James Randall Musings on software development, business and technology.
C# / Blazor Wolfenstein - Part 3 - Records and Collections
Code

I was in the bath, with my rubber duck of course, thinking about the collection types to use with my record based models. One of the key features of records, at least in F#, is that they support value equality comparisons and this applies deeply. For example:

type ExampleRecord = { Title: string ;  Numbers: int list }
let record1 = { Title = "Hello world" ; Numbers = [ 4 ; 3 ] }
let record2 = { Title = "Hello world" ; Numbers = [ 4 ; 3 ] }
let record3 = { Title = "Hello world" ; Numbers = [ 4 ; 1 ] }
let record4 = { Title = "Hello" ; Numbers = [ 4 ; 3 ] }

record1 = record2 // true, they contain the same values
record1 = record3 // false - the collection is different
record1 = record4 // false - the title is different

Records in C# share this behaviour: For records, value equality means that two variables of a record type are equal if the types match and all property and field values match. For other reference types such as classes, equality means reference equality. That is, two variables of a class type are equal if they refer to the same object. Methods and operators that determine equality of two record instances use value equality.

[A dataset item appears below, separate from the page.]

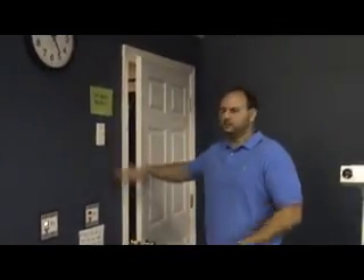This is the tanning bed area. We have a 20-minute tanning bed and a 10-minute tanning bed. They're very simple to operate yourself, so nobody has to be here to work them for you. We'll show you how to operate that.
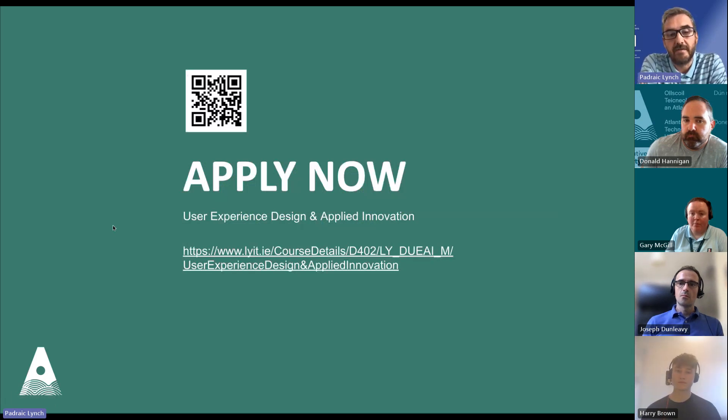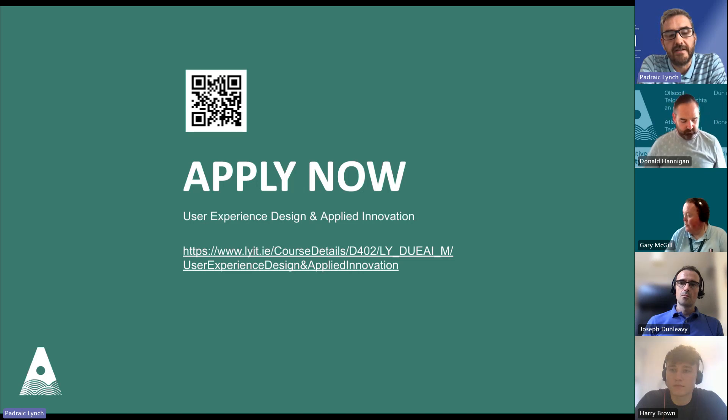We are taking applications now, and we're almost full up, but there are a couple of spaces still left. If you apply now, you can do it through the link or scan the QR code. Search for ATU MA UX and you'll find the link to direct application. You can also contact Donald Hannigan if you want to find out more about those funding opportunities. I'm going to finish off with a short video overview.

There’s a subtlety in this that isn’t pointed out explicitly but which is very easy to stumble across in C#: if records contain properties that are themselves classes then those properties will be compared using reference equality rather than value equality (unless the classes specifically implement equality). And the gotcha you are likely to hit on basic models is collections. C# collections do not do deep equality. And so in C# the example above will yield different results:

public record ExampleRecord(string Title, int[] Numbers);
var record1 = new ExampleRecord("Hello World", new[] { 4, 3 });
var record2 = new ExampleRecord("Hello World", new[] { 4, 3 });
var record3 = new ExampleRecord("Hello World", new[] { 4, 1 });
var record4 = new ExampleRecord("Title", new[] { 4, 3 });
System.Console.WriteLine(record1 == record2); // false 
System.Console.WriteLine(record1 == record3); // false
System.Console.WriteLine(record1 == record4); // false

Because of the presence of the collection, which makes use of reference equality, all three comparisons return false. To demonstrate this consider the following:

public record ExampleRecord(string Title, int[] Numbers);
var commonCollection = new[] {4, 3};
var record1 = new ExampleRecord("Hello World", commonCollection);
var record2 = new ExampleRecord("Hello World", commonCollection);
System.Console.WriteLine(record1 == record2); // true

In this case the comparison succeeds because both records reference the same collection.

Its worth noting this is also the case in F# which we can see by using a C# collection instead of the F# list:

type ExampleRecord = { Title: string ;  Numbers: System.Collections.Generic.List<int> }
let record1 = { Title = "Hello world" ; Numbers = new System.Collections.Generic.List<int>([ 4 ; 3 ]) }
let record2 = { Title = "Hello world" ; Numbers = new System.Collections.Generic.List<int>([ 4 ; 3 ]) }
record1 = record2 // false as the collections are compared by reference and not by deep value

However you are far more likely to stumble into this little gotcha in C# than you are in F# due to its history, original design goals, and that 20+ years worth of code is class based and designed for reference equality. As far as I am aware there are no collections in the .NET framework that support value equality but you can roll your own by deriving new collection types and implementing your own equality methods. Though at some point you may still get caught out by a class inside a record.

Worth noting I don’t think it would make any sense for the .NET team to change the behaviour of existing collections. It would be carnage and change the behaviour of 20+ years worth of code. And performing deep equality checks can be expensive. Might be nice to see some value equality based immutable collections appear in the framework at some point but I guess they’d argue clutter.

In any case from a Wolfenstein perspective I don’t think this is an issue. I don’t recall relying on any deep value equality behaviour but needless to say if I do I’ll be blogging again with collections (or preferably some that someone else has already written!). My bath time thinking mostly revolved around immutability, this was more one of those “oh, of course” side thoughts.